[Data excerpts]
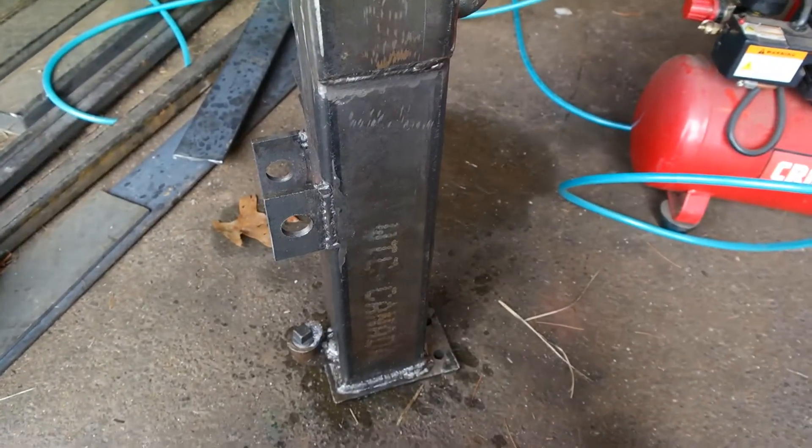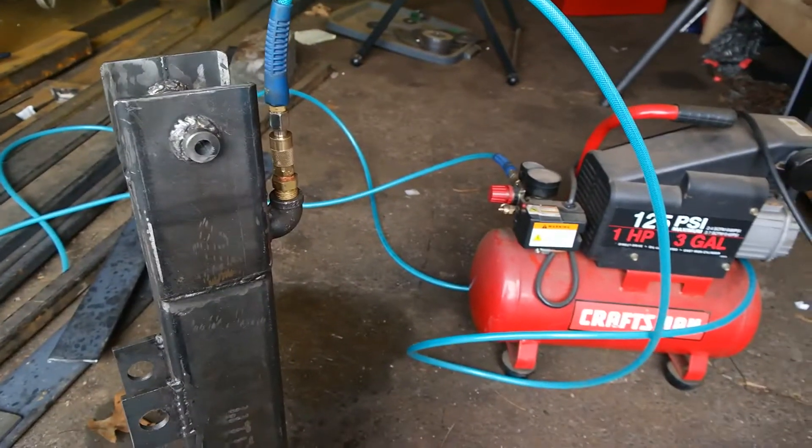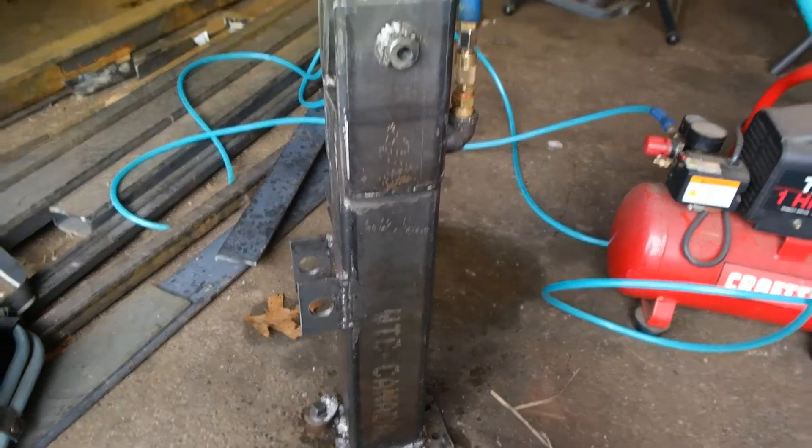That means when I put hydraulic oil into this tank for our front end loader, it won't leak — and that's what we're looking for. So there's a quick tip: using an air compressor to pressurize your hydraulic reservoir to make sure there are going to be no leaks.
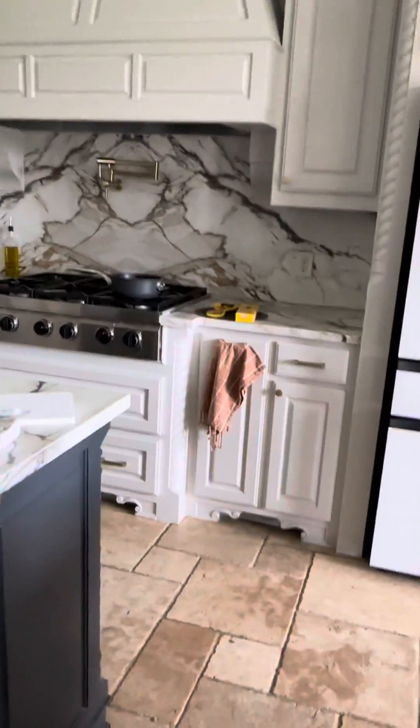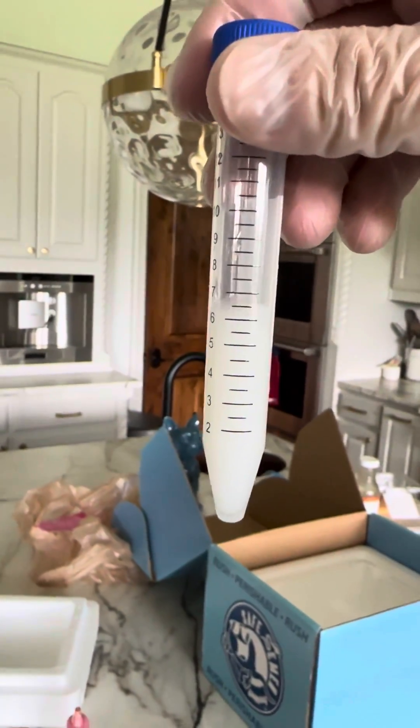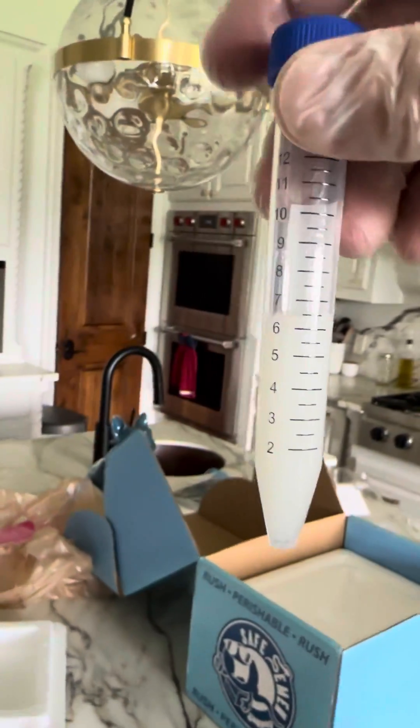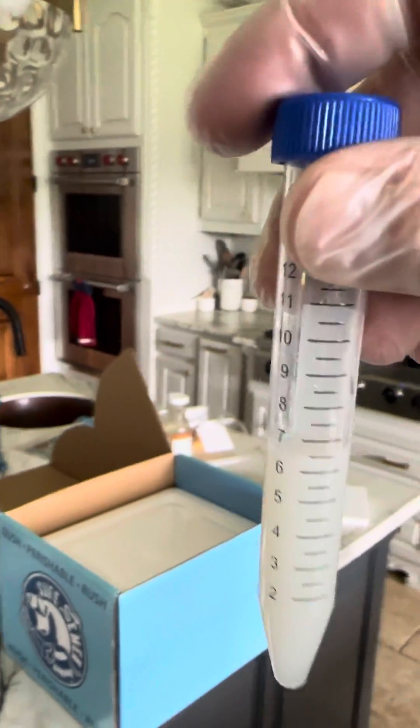This is getting shipped. Now I've mixed in the extender, one-to-one, and now we're at 6 cc's. I'll tape the top just so this cap doesn't come off accidentally.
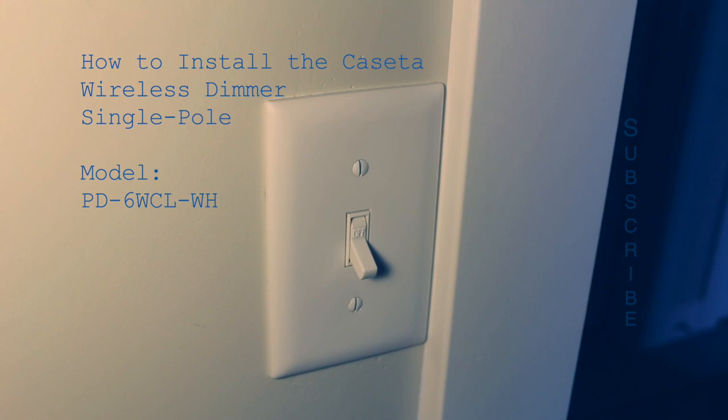This is a quick video of how to install the Cassetta Wireless Single Pole Dimmer, meaning you only have one switch controlling the lights.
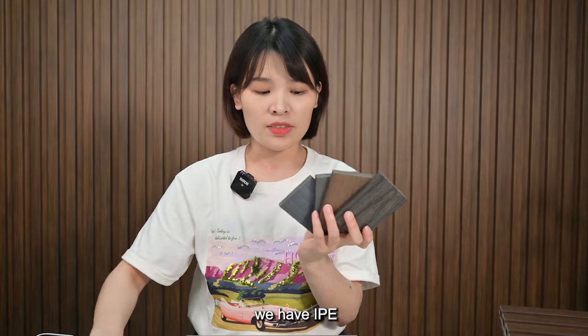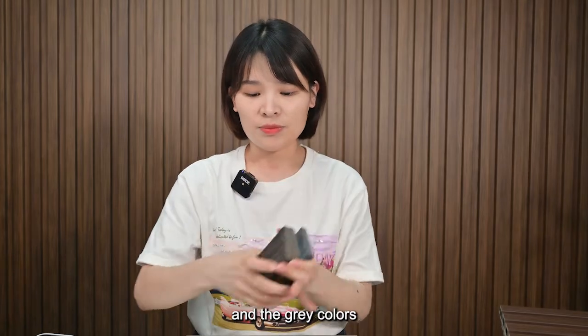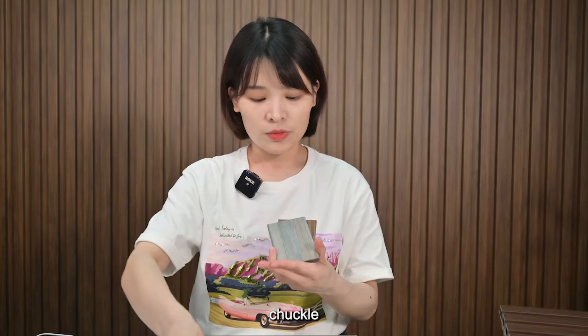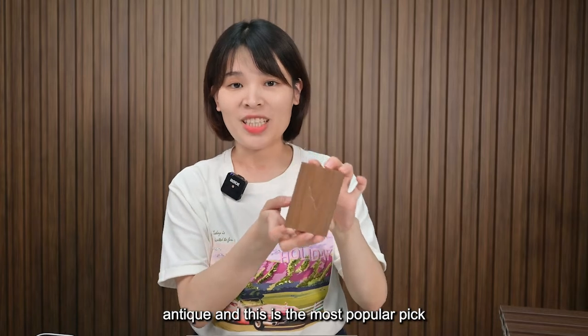We have IPE, tea, walnut, light walnut, and grey colors, rosewood, maple, charcoal, antique. And this is the most popular antique color.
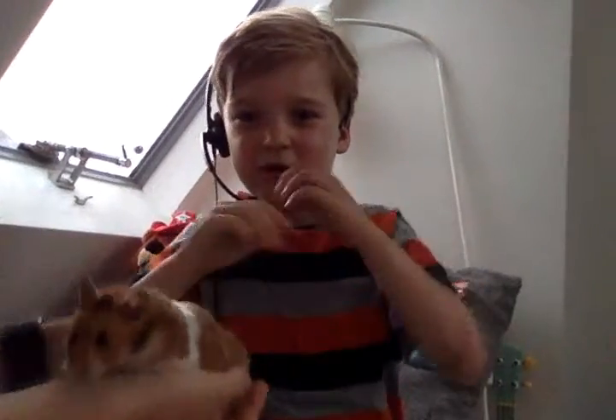Chewie's getting out of hand now. You hold him for a bit — he's really tame.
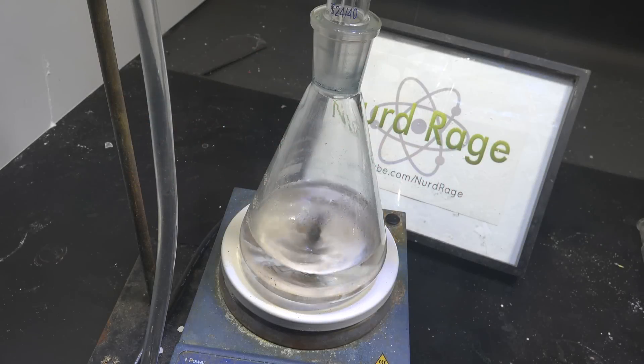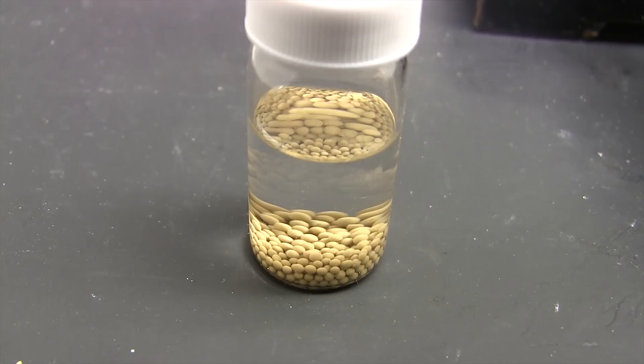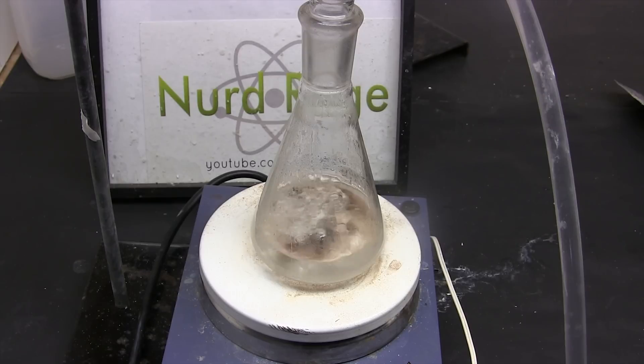Greetings, fellow nerds. I wanted to make more ethyl propionate so I'd have a good stock available in case I made more mistakes in my synthesis of pyrimethamine. In a previous video we made ethyl propionate by the classic process of acid-catalyzed Fischer esterification between ethanol and propionic acid.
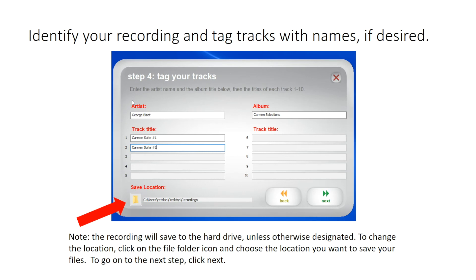Identify your recording and tag tracks with names if desired. Please note that the recording will save to the hard drive unless otherwise designated. To change the location, click on the file folder icon and choose the location you want to save your files. To go on to the next step, click Next.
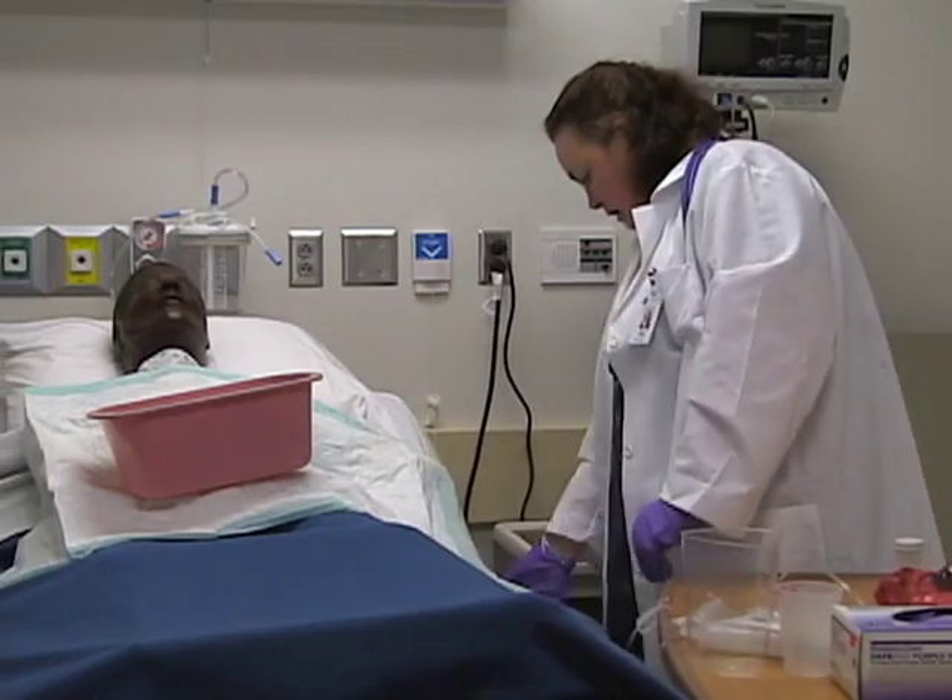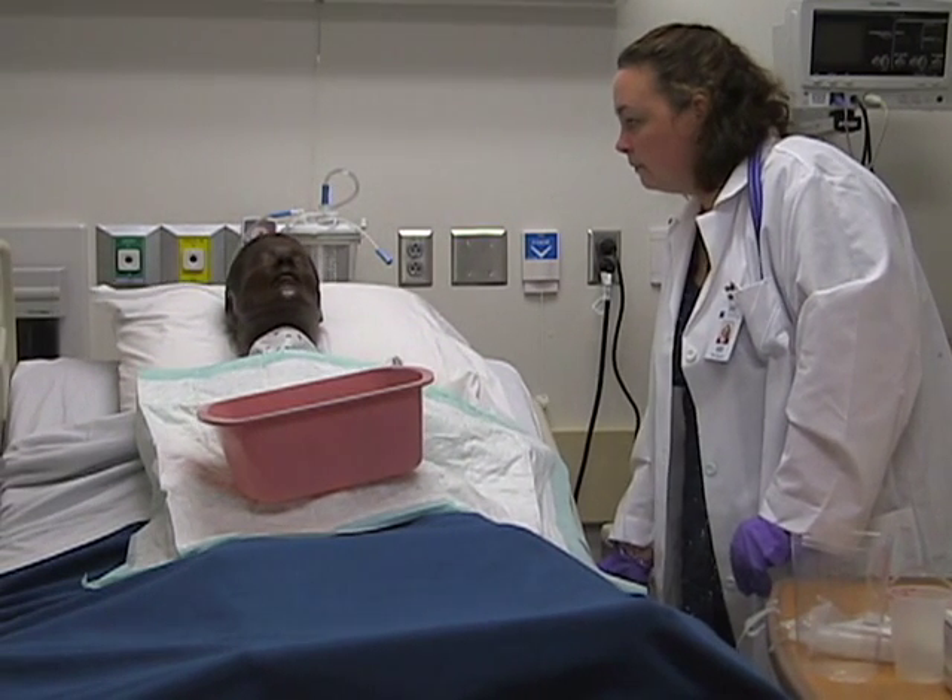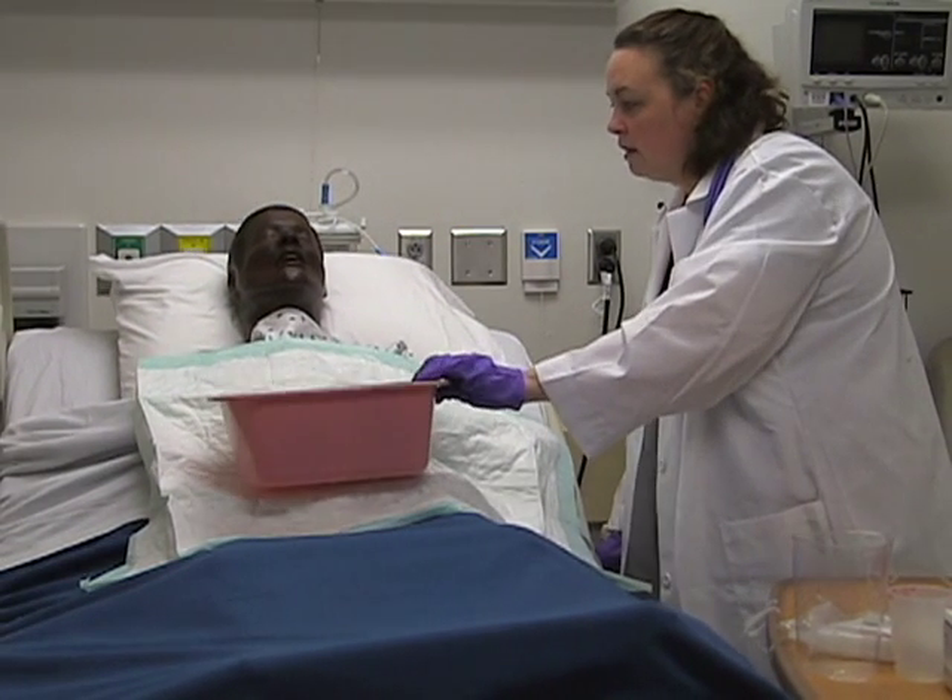You may also want to increase the head of the bed so the patient is sitting up a little more, so they're not quite so reclined during the procedure.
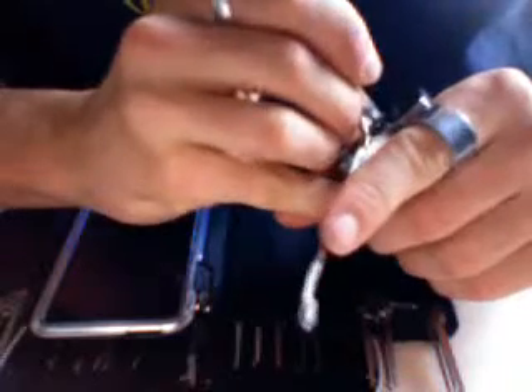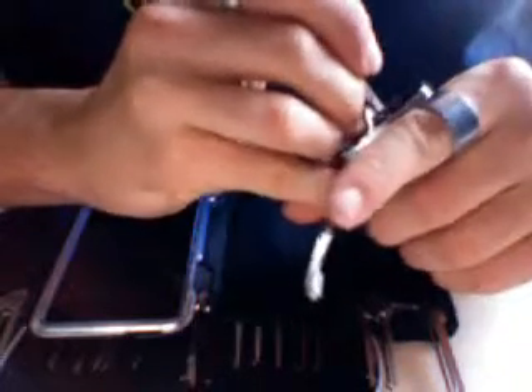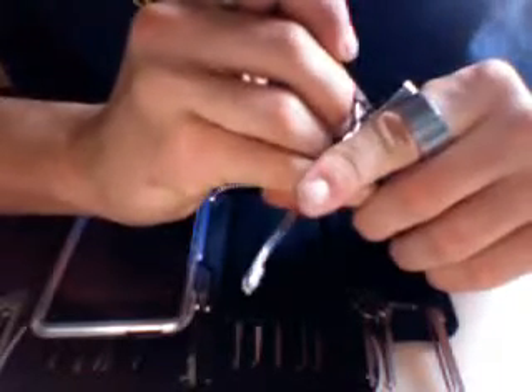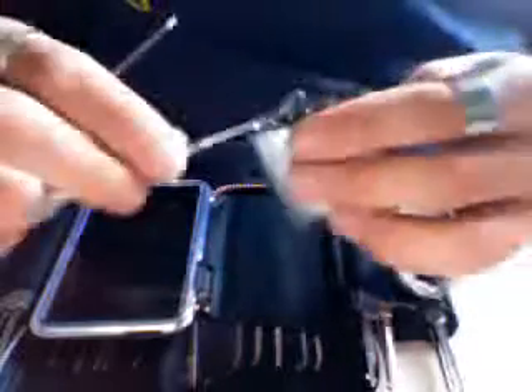Let's see the side. There you go, so that's open. I'm gonna close it up.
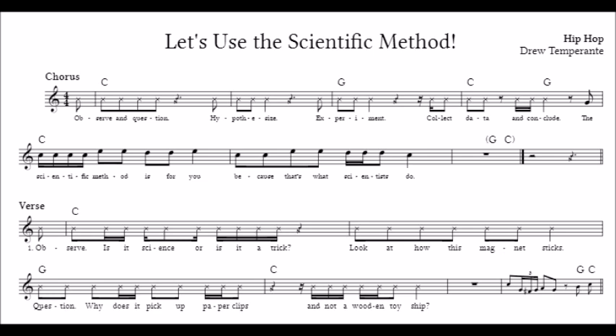Observe and question! Hypothesize! Experiment! The scientific method is for you, because that's what scientists do.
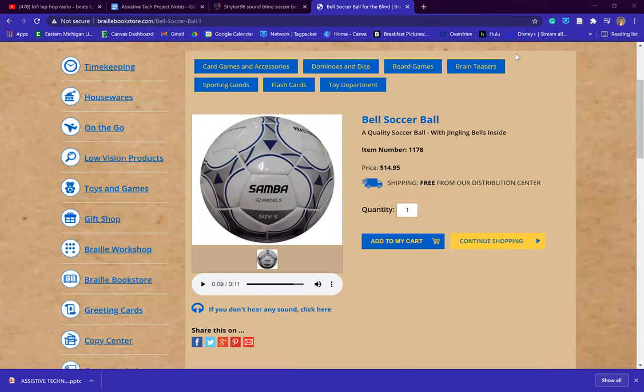Today we are going to be talking about an assistive piece of technology that can be used for people with visual impairments, specifically for soccer. One name for this piece of technology, as seen on the screen here, is the Bell Soccer Ball.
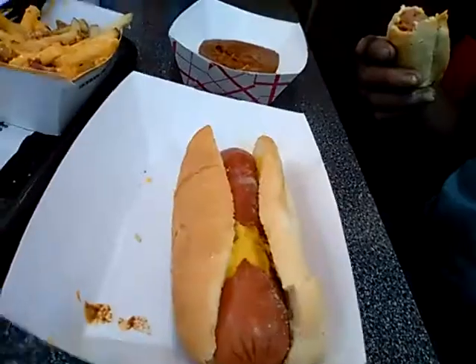Chili cheese hot dog, cheddar bacon fries. Once you get used to using your dentures — and I still don't have my hard relines, I go in next week for that.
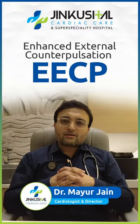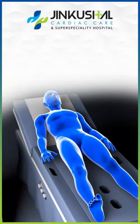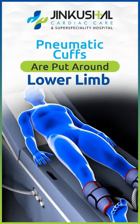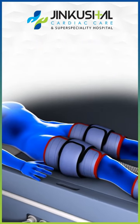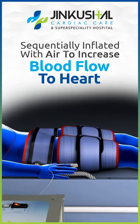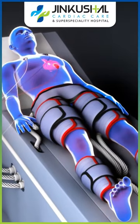EECP is Enhanced External Counter-Pulsation. It's basically a very simple method where we put three pneumatic cuffs — similar to BP cuffs — one on the lower limb, one on the thighs, and one on the buttocks, and it is sequentially inflated to increase the blood flow towards the heart.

> Work task:
Every line above should be copied exactly, apart from any pictures.

> Reply:
That means when I put hydraulic oil into this tank for our front end loader, it won't leak — and that's what we're looking for. So there's a quick tip: using an air compressor to pressurize your hydraulic reservoir to make sure there are going to be no leaks.
This is getting shipped. Now I've mixed in the extender, one-to-one, and now we're at 6 cc's. I'll tape the top just so this cap doesn't come off accidentally.
This is a quick video of how to install the Cassetta Wireless Single Pole Dimmer, meaning you only have one switch controlling the lights.
We have IPE, tea, walnut, light walnut, and grey colors, rosewood, maple, charcoal, antique. And this is the most popular antique color.
Chewie's getting out of hand now. You hold him for a bit — he's really tame.
Greetings, fellow nerds. I wanted to make more ethyl propionate so I'd have a good stock available in case I made more mistakes in my synthesis of pyrimethamine. In a previous video we made ethyl propionate by the classic process of acid-catalyzed Fischer esterification between ethanol and propionic acid.
Identify your recording and tag tracks with names if desired. Please note that the recording will save to the hard drive unless otherwise designated. To change the location, click on the file folder icon and choose the location you want to save your files. To go on to the next step, click Next.
You may also want to increase the head of the bed so the patient is sitting up a little more, so they're not quite so reclined during the procedure.
Let's see the side. There you go, so that's open. I'm gonna close it up.
Observe and question! Hypothesize! Experiment! The scientific method is for you, because that's what scientists do.
Today we are going to be talking about an assistive piece of technology that can be used for people with visual impairments, specifically for soccer. One name for this piece of technology, as seen on the screen here, is the Bell Soccer Ball.
Chili cheese hot dog, cheddar bacon fries. Once you get used to using your dentures — and I still don't have my hard relines, I go in next week for that.
EECP is Enhanced External Counter-Pulsation. It's basically a very simple method where we put three pneumatic cuffs — similar to BP cuffs — one on the lower limb, one on the thighs, and one on the buttocks, and it is sequentially inflated to increase the blood flow towards the heart.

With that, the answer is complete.